Seis meses e 11 dias depois de ser condenado em primeira instância a nove anos e meio de prisão, o ex-presidente Luiz Inácio Lula da Silva está  novamente sob análise da Justiça.

Os três desembargadores do Tribunal Regional Federal da 4ª Região (TRF-4, de Porto Alegre) vão decidir se absolvem ou condenam o petista dos crimes de corrupção passiva e lavagem de dinheiro. 

Mesmo não sendo o capítulo final da saga do petista, o dia de hoje é fundamental: dependendo do resultado e do placar, a defesa e o Ministério Público Federal modularão os recursos a serem apresentados ao próprio tribunal ou às instâncias superiores.

Em uma quarta-feira atípica, Porto Alegre — e não Brasília — vai se transformar na capital política nacional. Líder em todas as pesquisas de intenção de voto até o momento, Lula quer arrastar até o último momento a decisão de poder concorrer ou de ser obrigado a encontrar um outro nome do PT, que pode ser Jaques Wagner, ex-governador da Bahia. Por enquanto, isso não passa pela cabeça dos petistas.

Em um ato com a presença de 70 mil pessoas — segundo os organizadores, na Esquina Democrática, centro de Porto Alegre, Lula demonstrou disposição para concorrer. “Tenho 72 anos, energia de 30 e tesão de 20 pra lutar pelo Brasil”, disse ele, ao se despedir da multidão. “Só não estarei aqui o dia que eu morrer. Continuem torcendo. Mas qualquer que seja o resultado, continuarei lutando”, prometeu.

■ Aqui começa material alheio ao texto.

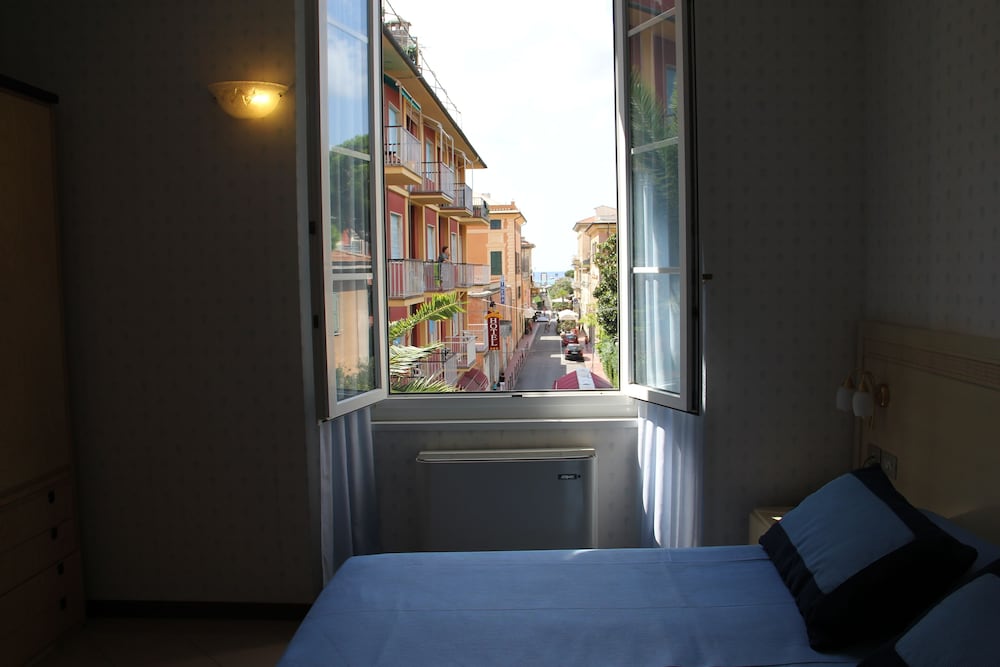 Economy Twin Room, 2 Twin Beds (mansard) photo 2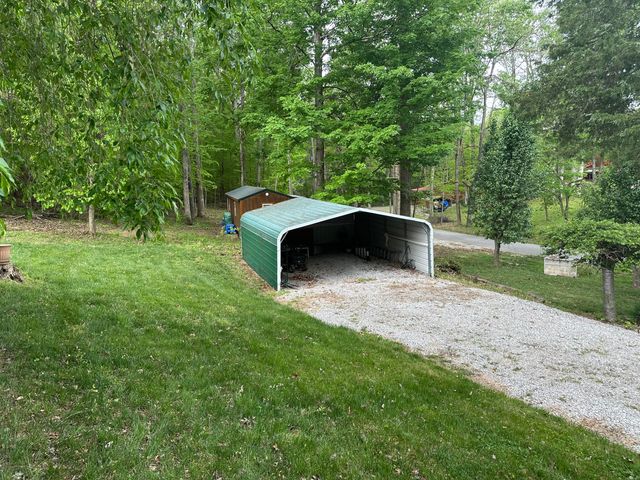 18 Hill Drive, Monticello, KY 42633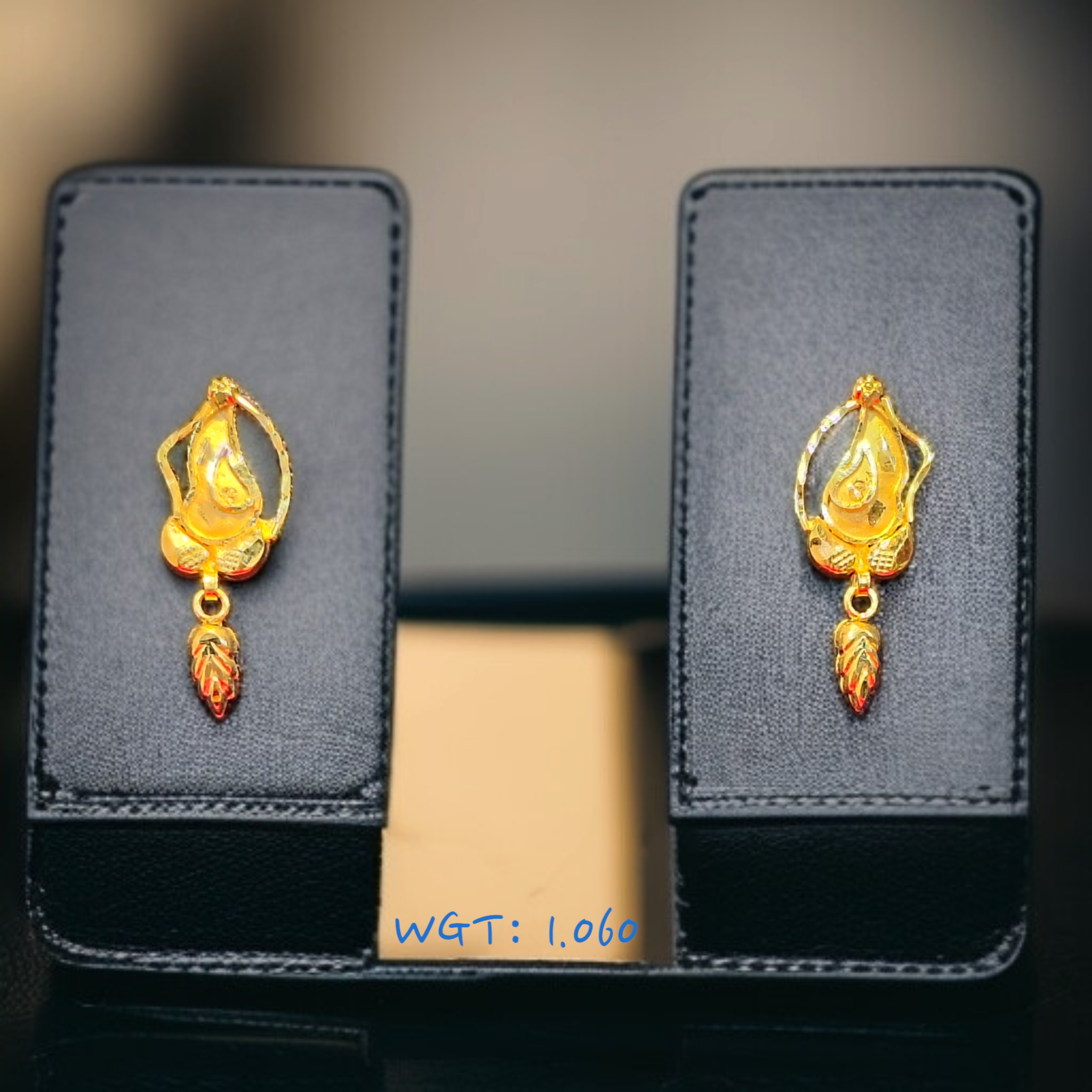 (GPT) RAJLAXMI WGT: 1.060 GM APPROX HUID HALLMARK 916 22KT GOLD EAR TOPS STUD 1 PAIR FOR REGULAR USE.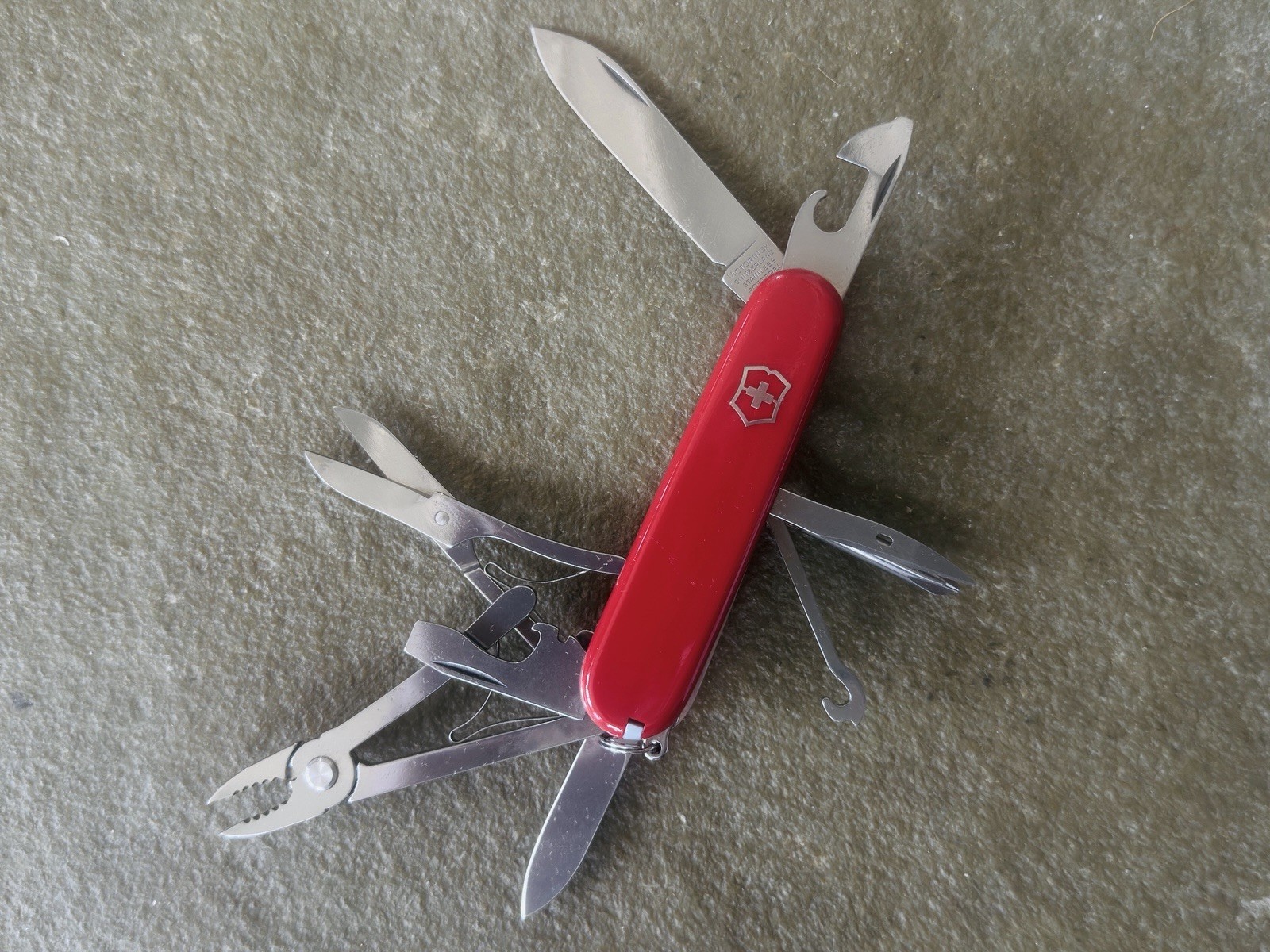 New Vintage 1991 Victorinox Tinker Delux Swiss Army Knife Red 91mm Pliers Mint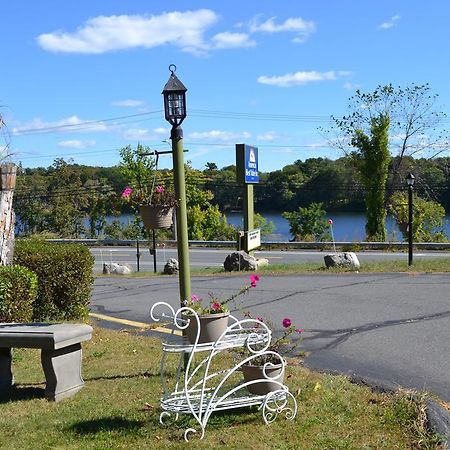 Mount Holyoke Inn Екстериор снимка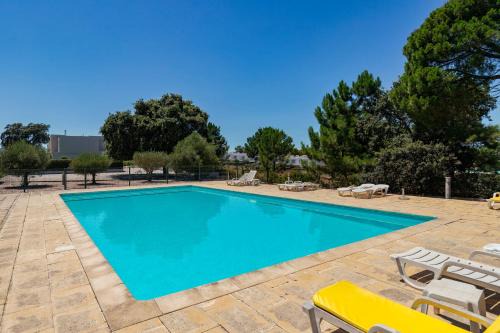 Caixas House | Casa do Sobreiro: Oceanfront Retreat with Pool & Family Fun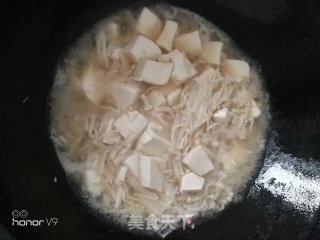 金针菇烧豆腐的做法步骤：7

Ontem, Lula fez um discurso político, sem afrontar o Judiciário. A estratégia é não comprar uma briga que possa gerar um espírito de corpo no TRF-4 e nas instâncias superiores, nas quais o ex-presidente pretende recorrer das sentenças. “Não vim aqui para falar do meu processo, porque tenho advogados para isso. Vim falar sobre o Brasil”, afirma o ex-presidente. Lula lembrou do seu governo, afirmando que o Brasil daquela época recuperou a autoestima e abandonou o complexo de vira-latas. E provocou os adversários. “Quando a direita aceita qualquer candidato para me enfrentar, aí que vejo que eu devo ser bom mesmo”, gabou-se.

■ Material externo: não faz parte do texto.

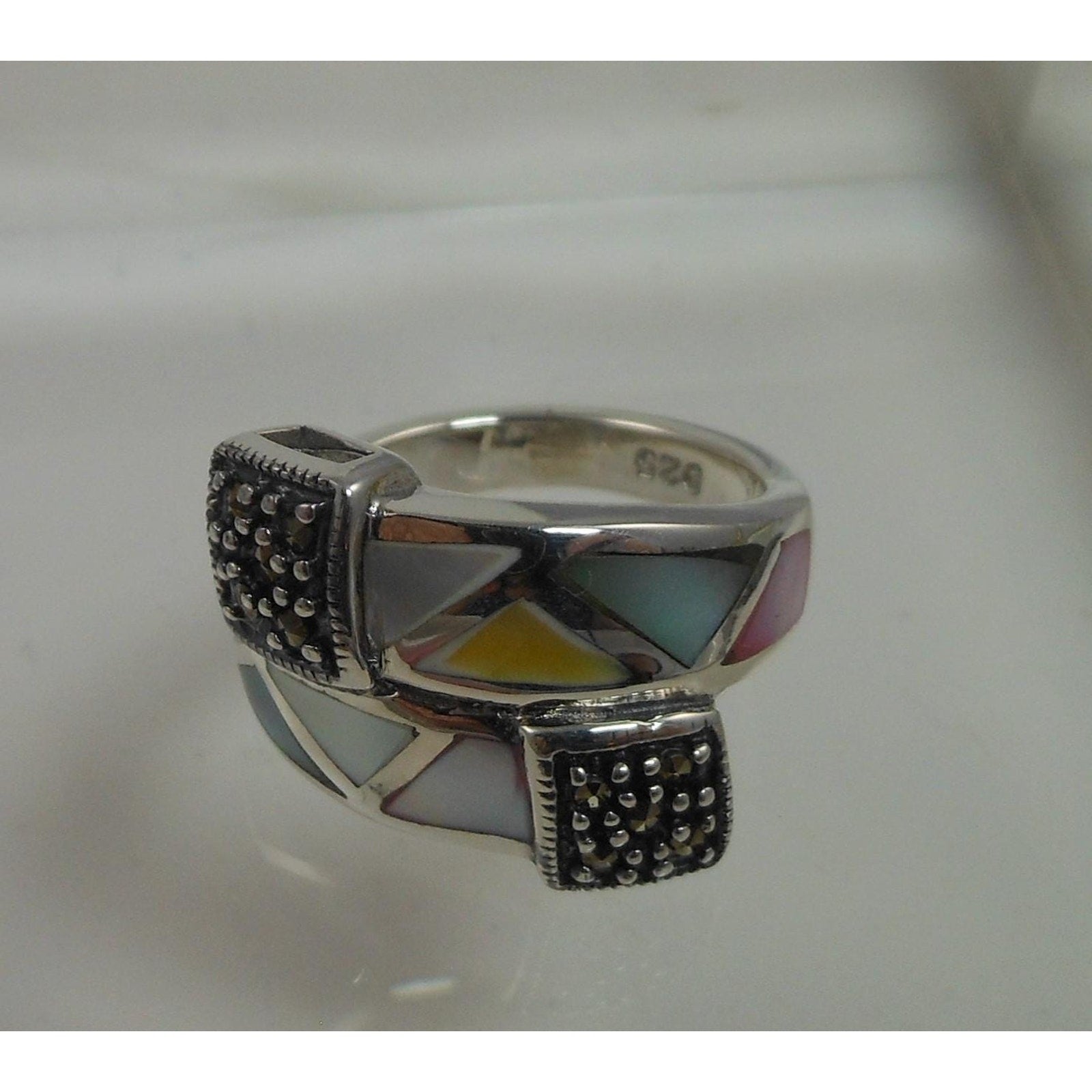Stunning Vintage 1990's Sterling Silver Mother of Pearl Marcasite Ring Size 5 - HoneyThomas.com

Desde que o Supremo Tribunal Federal (STF) decidiu autorizar a prisão a partir da segunda instância da Justiça, essa etapa de uma ação penal passou a ser a mais esperada pelas partes envolvidas. Mas a pena de reclusão só poderá ser decretada após esgotarem todos os recursos no Tribunal Regional Federal da 4ª Região (TRF-4), onde ocorre o julgamento. O Ministério Público Federal (MPF) quer uma condenação maior, que contemple outros crimes. Durante a sessão de hoje, o MPF terá 30 minutos para se manifestar sobre a situação de Lula e os demais acusados. O procurador que estiver representando a instituição pode pedir mudanças na sentença definida por Sérgio Moro.

Às 8h30, o desembargador Leandro Paulsen, presidente da 8ª Turma, responsável pela análise do caso, abre a sessão. Em seguida, o juiz João Pedro Gebran Neto faz a leitura do relatório do processo, em 30 minutos. O desembargador Victor Luis dos Santos Laus também integra a equipe da turma que vai julgar o petista. O jurista João Paulo Martinelli, doutor em direito penal pela USP e coordenador do Instituto Brasileiro de Ciências Criminais, ressalta que independentemente da decisão existem diversos recursos que podem ser apresentados pela defesa do acusado. “Cabem recursos tanto no próprio TRF-4 quanto nos tribunais superiores. Se houver algum ponto obscuro ou duvidoso, ambíguo na decisão, cabem os embargos de declaração”, afirmou Martinelli.